Esse governo antes de qualquer coisa quer a sobrevivência
política. É a ponte para o futuro deles.
P. Qual a diferença entre um Governo Temer e um governo
Dilma?
R. A diferença entre Dilma e Temer é que Dilma era movida
por ideologia. Ela achava que a economia funcionava de determinada forma — e não
funcionava daquele modo. Tanto assim que deu no que deu. Fez um monte de
experimentos e deixou o país em situação péssima, tudo isso por ideologia. Temer
não faz nada por ideologia, faz por fisiologia. Temer
é pragmático para fazer a ponte do futuro dele. Práticas escusas existiam e
continuaram existindo depois de Dilma. E, sendo Temer vice-presidente de Dilma,
não houve descontinuidade nesse sentido. Entre um e outro, as escolhas de
política econômica acabaram sendo parecidas por razões diferentes. Dilma queria
que economia crescesse de qualquer jeito e deu tudo errado. Temer não: faz o que
tem de ser feito para conseguir ficar onde está. E por isso o país paga um
preço. Mas acaba sendo um tipo semelhante de desordem. No lado fiscal, estamos
igual ou pior do que estávamos.
P. Nesta quinta-feira, o
impeachment de Dilma Rousseff completa um ano. Qual vai ser o legado do
Governo Temer?
R. Temer não tem legado para deixar. Tem pra deixar o fim de
um ciclo. O fim do Governo Temer vai demarcar o fim do ciclo do PT no Governo.

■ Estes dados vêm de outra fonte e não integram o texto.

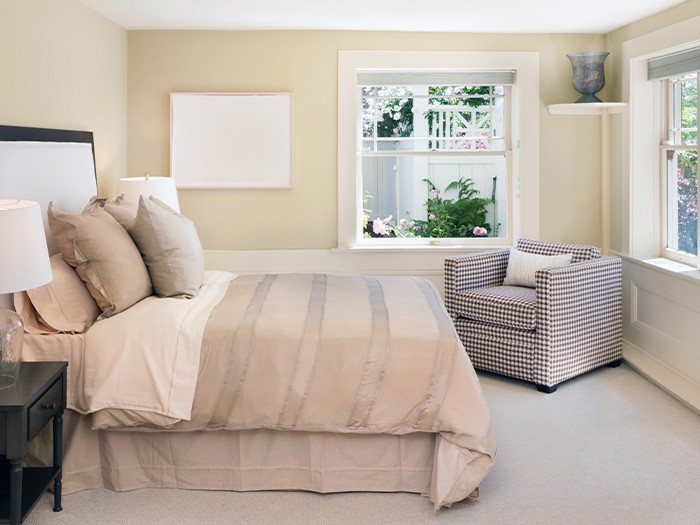 Brightly painted bedroom with bed and accent chair.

Pelo menos desse PT que começou em 2003 com Lula. Isso não acabou no fim do
governo Dilma, porque as práticas que estão aí continuam sendo exatamente as
mesmas. Temer é parte absoluta desse ciclo do que se passou nessa década e meia.
Não tem como ele se dissociar disso. Espero que nós todos tenhamos a sobriedade
de saber eleger alguém decente, que saiba fazer um bom governo de verdade a
partir de janeiro de 2019, porque fica um problema gravíssimo fiscal para
próximo governo se resolver. Foi o ex-ministro da Fazenda Joaquim
Levy quem começou a limpar todas as pedaladas das contas públicas. O Governo
Temer ainda achou muita porcaria escondida, mas já tinham herdado do Levy um bom
início de faxina nas contas públicas. Mas ao próximo governo será entregue o
seguinte: contas
em frangalhos, déficit alto, dívida pública crescendo. Porém, boa parte dos
esqueletos fiscais já terão aparecido. Não sei se todos.